Daha önce yazdım mı bilmiyorum ama arkadaş sohbetlerinde mutlaka dile getirmişimdir. Bugüne kadar hiçbir filmi ikinci defa seyretmedim; hiçbir kitabı da ikinci defa okumadım. Kütüphanemden ayırmadığım, başucu kitabı olarak nitelendirdiğim kitaplarım elbette var ancak onları baştan sona tekrar okumaya ne fırsatım oldu ne de okunmayı bekleyen diğer kitaplardan onlara sıra geldi.

Ancak tıpkı Steve Jobs’un her yıl bir kere okuduğu Paramahansa Yogananda’nın “Bir Yoginin Otobiyografisi” kitabı gibi Ali Saydam’ın bütün kitaplarını (yayımlanmış 4 kitabı bulunuyor) yılda bir kere okumaya karar verdim.
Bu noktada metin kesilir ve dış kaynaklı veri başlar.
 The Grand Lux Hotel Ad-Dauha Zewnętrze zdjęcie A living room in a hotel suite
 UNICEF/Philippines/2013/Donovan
Özellikle de yine sayfalarca alınacak notla dolu üçüncü kitabı “Eş ve Müşteri Nasıl Kaybedilir?”i okuduktan sonra bu kararı aldım.

Saydam’ın “Kurallar, istisnalarıyla ayakta durur” sözüne sırtınızı yaslayıp ‘yaşamı içselleştirme yolculuğunuzu tasarlamak’ üzere okunması gerektiğini söylediği “Eş ve Müşteri Nasıl Kaybedilir?” kitabından hayatıma yön (aynı zamanda da çeki düzen) verecek 14 madde çıkardım:

#Mizah, şaka ya da espri… Ancak iki taraf da gülümseyebiliyorsa bunların varlığından bahsedilebilir. Taraflardan biri geriliyorsa asıl algılanan mizah değil tam aksine küçümsenme, tahrik olma türünden duygular oluyor.
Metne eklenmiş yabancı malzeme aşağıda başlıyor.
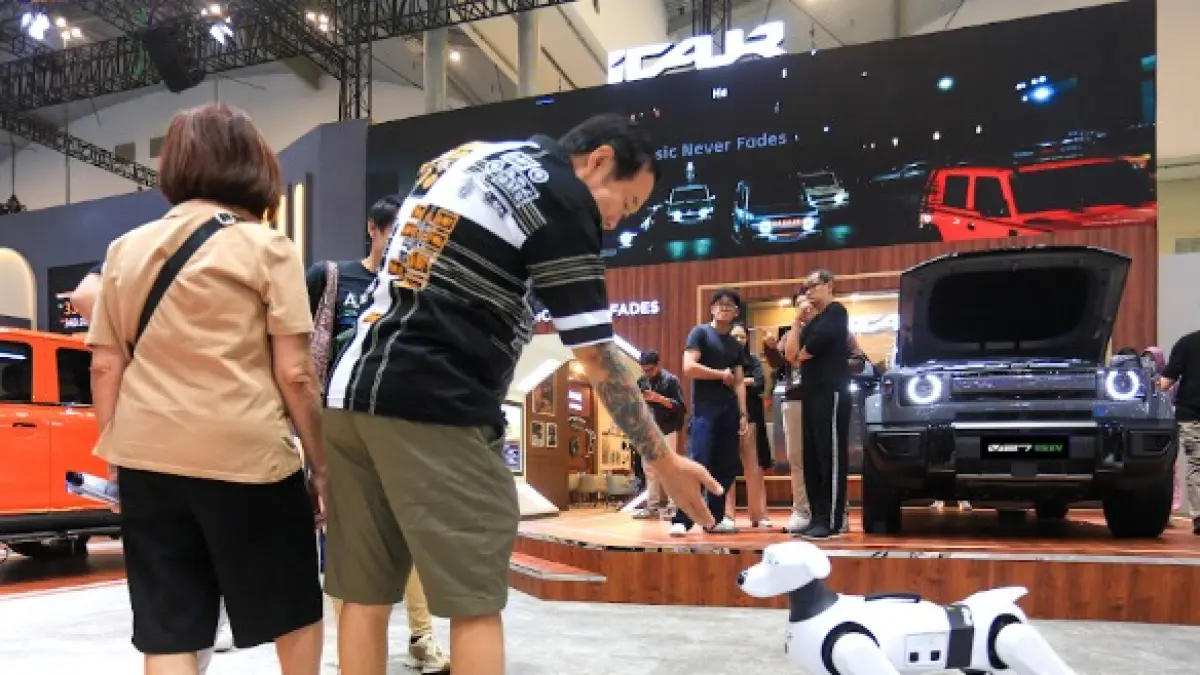  Robot anjing AiMOGA Argos turut hadir menyambut pengunjung melalui berbagai interaksi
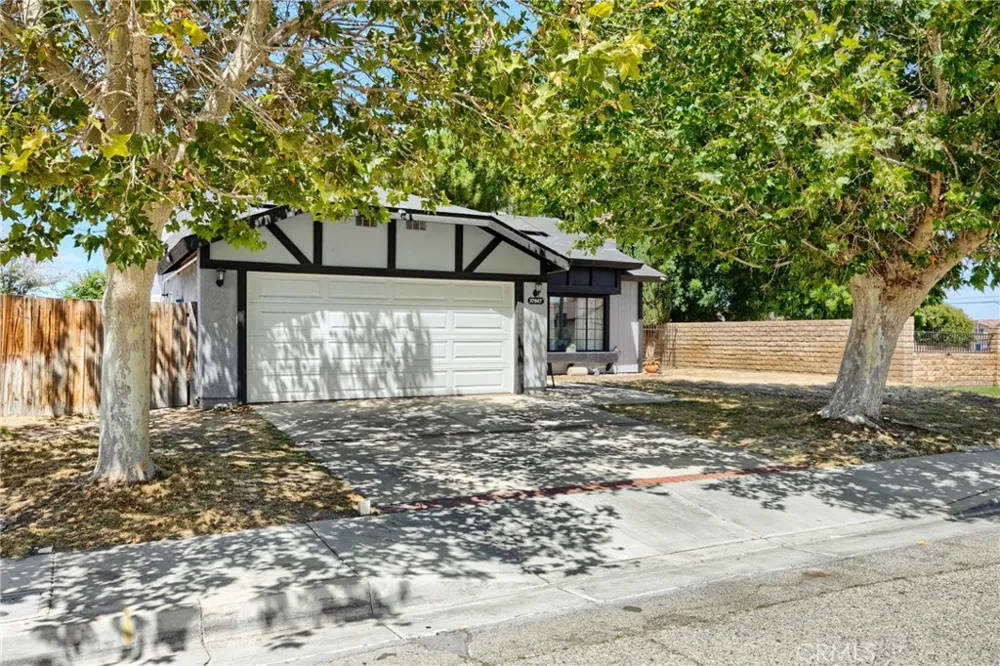 37947 Janus Drive Palmdale, CA 93550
#İnsan daha çok pratikteki hatalardan öğreniyor, başarılardan değil. Hatalar zenginlik katıyor insana.

#Eğitimin ayrılmaz parçası, ezeli ve ebedi tamamlayıcısı ‘irfan’ı geliştiren tek unsur ‘acı’dır işte; yenilgilerin, hataların, başarısızlıkların getirdiği acı. Tecrübe ise ancak bu ‘acılı’ süreç ‘okunduğu’ ve gereken ‘bedel ödendiği’ zaman oluşur.

#İlişkilerin yönetilemez hale gelmesini engellemenin yolu, profesyonelce davranmaktan geçer. Bunun için de içinizden geldiği gibi davranmaktan vazgeçip seçilmiş davranış biçimleri sergilemek ve davranışları ‘kurgulamak’ gerekiyor.

#Yöneten tarafın “alan değil veren taraf” olduğunu akıldan çıkarmamalı

#Aslolan âşık olmak değil, anlama ve takdir etme mesafesinde durmayı bilmektir.

Oysa insanoğlunun diğer canlılara göre belki de en büyük zaafıdır, âşık olunca şuurunu kaybedip bütün kurallarını, doğrularını, alışkanlıklarını, değerlerini hiçe sayıp teslimiyetçi bir ruha bürünmesi

#İnsan zaaflarıyla barışık olmalı; ne zaafı varsa onu baştan açık yüreklilikle ortaya koymalı; o zaaflarını gidermeyi ve varsa sosyal şımarıklıktan kaynaklanan alışkanlıklarını yavaş yavaş üzerinden atmanın yollarını aramalı; tüm çabasına rağmen olmuyorsa da ısrar etmemeli.

#Davranışını değiştirebileceğimiz tek kişinin sadece “kendimiz” olduğunu asla unutmamalıyız.

#‘Bakan’ ile ‘gören’ ve hatta ‘gören’ ile ‘gördüğünü okuyan’ asla bir değildir.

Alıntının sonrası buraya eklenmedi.